Today marks the end of an internship. I wasn’t hired to be a marketing intern, but I ended up as one.
I was meant to spend half the summer in the office working with the estimating department and the other half working on a job site once it started. However, construction start dates are mercurial, and the job I was meant to be on was pushed back. Ultimately, estimating didn’t need much help, but the marketing department, who was one person, did. My last day was today and on Monday, an actual person with a marketing degree will be replacing me.
Looking back on the summer, I couldn’t be happier with how my internship turned out. Being in the office and working within marketing allowed me to interact with various departments and people, which allowed me to get an understanding of their role within the company and to get to know them. I had the opportunity to sit in on many meetings with office executives and help develop and establish marketing protocols, practices, and initiatives, like redesigning the business card. I worked closely with Hugo, who was the marketing department. He taught me a lot and while I could write a post of stuff that I learned directly from him, here are four things that I learned either directly or through observation:
1) Marketing is undervalued (at least in construction)
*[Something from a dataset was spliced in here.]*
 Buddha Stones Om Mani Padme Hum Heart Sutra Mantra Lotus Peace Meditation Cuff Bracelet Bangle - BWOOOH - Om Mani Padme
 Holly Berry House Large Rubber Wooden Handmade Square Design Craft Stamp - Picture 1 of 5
In construction, marketing’s primary goal is managing the proposal process for projects and the production and delivery of proposals for projects. Without them, the company wouldn’t have any projects. Of course, it’s a team effort. Estimating is crucial for determining costs and submitting proposals, but marketing is responsible for managing it. In addition to this, they are responsible for putting together a statement of qualifications, monitoring and managing social media, producing internal communications, engaging in business development and data capture, coordinating the company swag store, and any design-related initiatives, like designing a new business card, creating a hardhat project sticker, a new email signature, a new letterhead, and whatever else may come up. When the main priority is getting proposals out, which takes all your focus before the deadline, it makes it extremely difficult to accomplish other things. Not only do I have a newfound respect for marketing, but I also can understand its value to a company. If I have the opportunity to have my own architecture firm, I will always value marketing and its role.
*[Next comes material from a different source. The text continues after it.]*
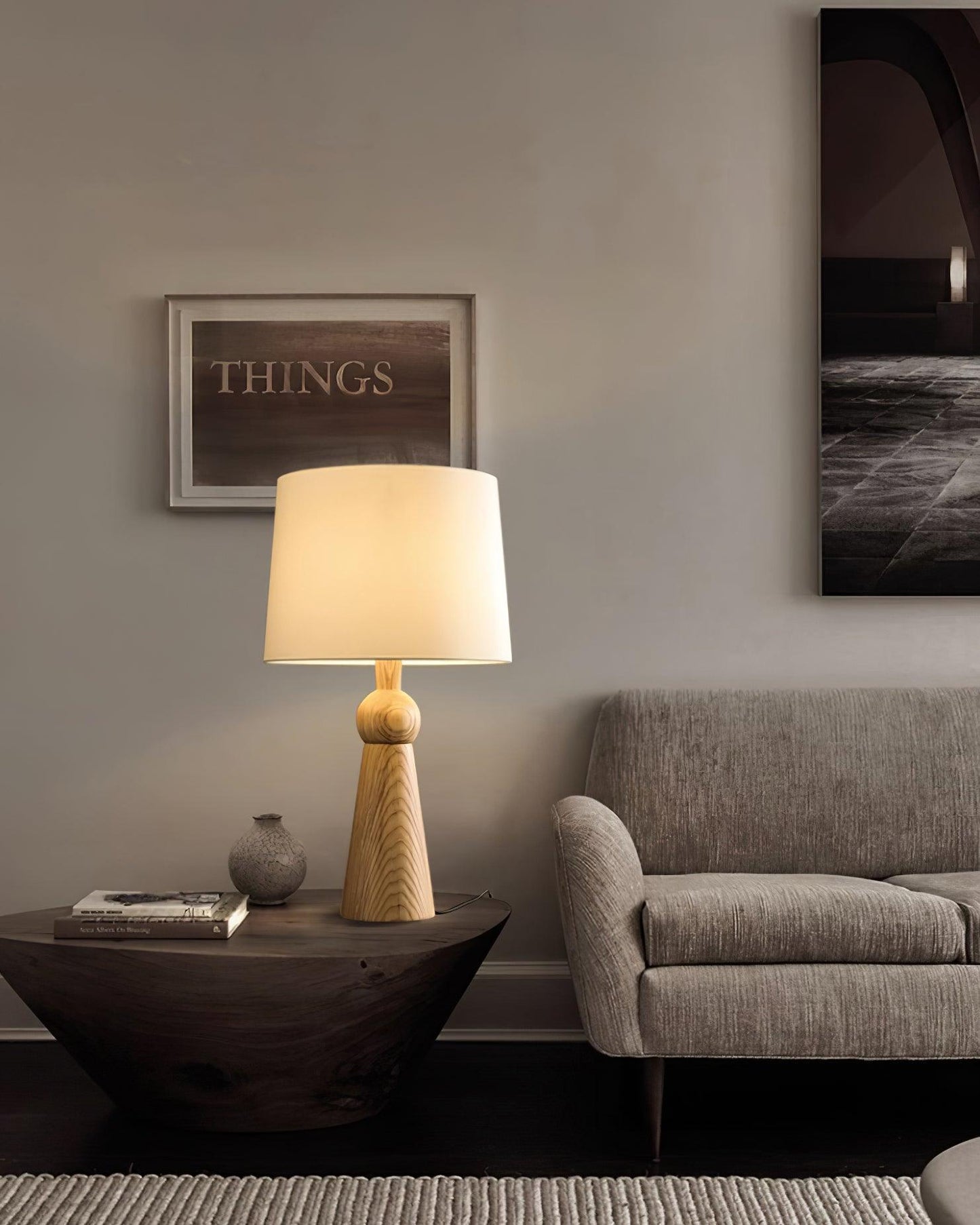 Bella Table Lamp | Metal, Wood, Fabric | Wood Color, Walnut Color, Black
2) Adobe InDesign/Illustrator/Photoshop
Hugo is an InDesign master, and a lot of marketing work is through InDesign. I knew how to use the program and learned it so that I could create my portfolio for graduate school, but over the past three months, I’ve learned how to utilize the program to its potential. I’ve realized the significance of parent pages, paragraph and character styles, the importance of packaging files, and many other things that will be useful in graduate school and afterward. Throughout my internship, Hugo also afforded me an hour each day for enrichment time, which I used to further my graphic education and complete the Linkedin Learning courses for InDesign and Illustrator.
3) What I need from the office
I don’t know how I will work in an office. While it wasn’t bad in any way, it is was what I assume to be a standard office with an open floor plan consisting of lines of desks. It does make for a challenging environment to concentrate in when there is a cacophony of sound from various phone calls and offices throughout the space. Is it possible to build an office space not dependent on air condition in the type of environments that we live in? I don’t enjoy sitting in a/c removed from the outside. I looked forward to my lunch breaks where I would go to the roof no matter how hot and humid it was. Additionally, I feel that I need a work place environment that leans more toward collaboration and communication than time spent in front of a computer. Perhaps it was in the nature of the work of what I was doing because a lot of architecture takes place in front of a computer. Maybe I am naïve, but I know that when I was teaching, no matter how difficult the students were on a given day, it still gave me joy. The question is where or how I can find those moments of joy not teaching. This summer, it was when I was designing something.
4) The Construction Industry
Without construction you couldn’t have architecture. Prior to this, I knew nothing about the construction industry or what it takes to get something built. I thought that once you designed the building it magically came to fruition a few years later. For one, I’ve learned the role of the general contractor and how they coordinate and execute the construction of a project. I’ve learned what’s appreciated from architects on the GC’s end and what makes life more difficult. I’ve learned various construction industry acronyms, how a project is put together, how estimating is done and the impact it has on getting a project, the importance of collecting and updating data for future reference, the role of good architectural photography of completed projects and a host of other small things.
5) It takes a lot of time and work to run a company
There is always something that needs to be done and future things that will need to be done. I imagine if you want the company to succeed, work becomes your life and your weekends exist as extensions of your work week. If you’re not doing it, nobody else is.
And with that, comes the end of an internship.
Wow, that was interesting. Maybe that’s what you can look foward to, designing a workplace office unlike the one you interned in. See ya tomorrow!!
I feel like it’s definitely something that I can look into! or consider when designing projects at school this upcoming semester.
Grat and interesting reading, Joe! And how important is an “Hugo” in students’ development. I value one’s free time so beware of being absorbed by a full time job (too ‘full’, you understand). Hugs!
Glad to still see you following along Javier! I know it’s something I will have to try to keep in mind going forward in the future. Un abrazo.